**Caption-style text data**

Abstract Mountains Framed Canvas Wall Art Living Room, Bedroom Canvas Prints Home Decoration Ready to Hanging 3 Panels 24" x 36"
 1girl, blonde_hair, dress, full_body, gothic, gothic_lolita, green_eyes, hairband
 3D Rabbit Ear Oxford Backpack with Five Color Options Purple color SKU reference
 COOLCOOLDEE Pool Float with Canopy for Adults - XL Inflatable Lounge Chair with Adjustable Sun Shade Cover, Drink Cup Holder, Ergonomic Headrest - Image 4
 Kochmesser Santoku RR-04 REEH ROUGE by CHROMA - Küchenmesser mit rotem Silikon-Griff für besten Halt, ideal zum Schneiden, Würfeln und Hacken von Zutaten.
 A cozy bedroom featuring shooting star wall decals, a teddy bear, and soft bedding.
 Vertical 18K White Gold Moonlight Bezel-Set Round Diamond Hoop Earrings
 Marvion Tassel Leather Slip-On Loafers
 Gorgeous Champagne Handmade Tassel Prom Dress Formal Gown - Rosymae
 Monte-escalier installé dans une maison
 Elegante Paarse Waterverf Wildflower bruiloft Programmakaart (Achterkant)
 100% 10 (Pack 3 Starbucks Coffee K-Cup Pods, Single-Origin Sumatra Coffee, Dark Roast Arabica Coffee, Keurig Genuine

**ASSIGNMENT**
Each line from the one with "A cozy bedroom" through the last line of the records above must be retyped exactly, and no other line may be given.

**RESPONSE**
 A cozy bedroom featuring shooting star wall decals, a teddy bear, and soft bedding.
 Vertical 18K White Gold Moonlight Bezel-Set Round Diamond Hoop Earrings
 Marvion Tassel Leather Slip-On Loafers
 Gorgeous Champagne Handmade Tassel Prom Dress Formal Gown - Rosymae
 Monte-escalier installé dans une maison
 Elegante Paarse Waterverf Wildflower bruiloft Programmakaart (Achterkant)
 100% 10 (Pack 3 Starbucks Coffee K-Cup Pods, Single-Origin Sumatra Coffee, Dark Roast Arabica Coffee, Keurig Genuine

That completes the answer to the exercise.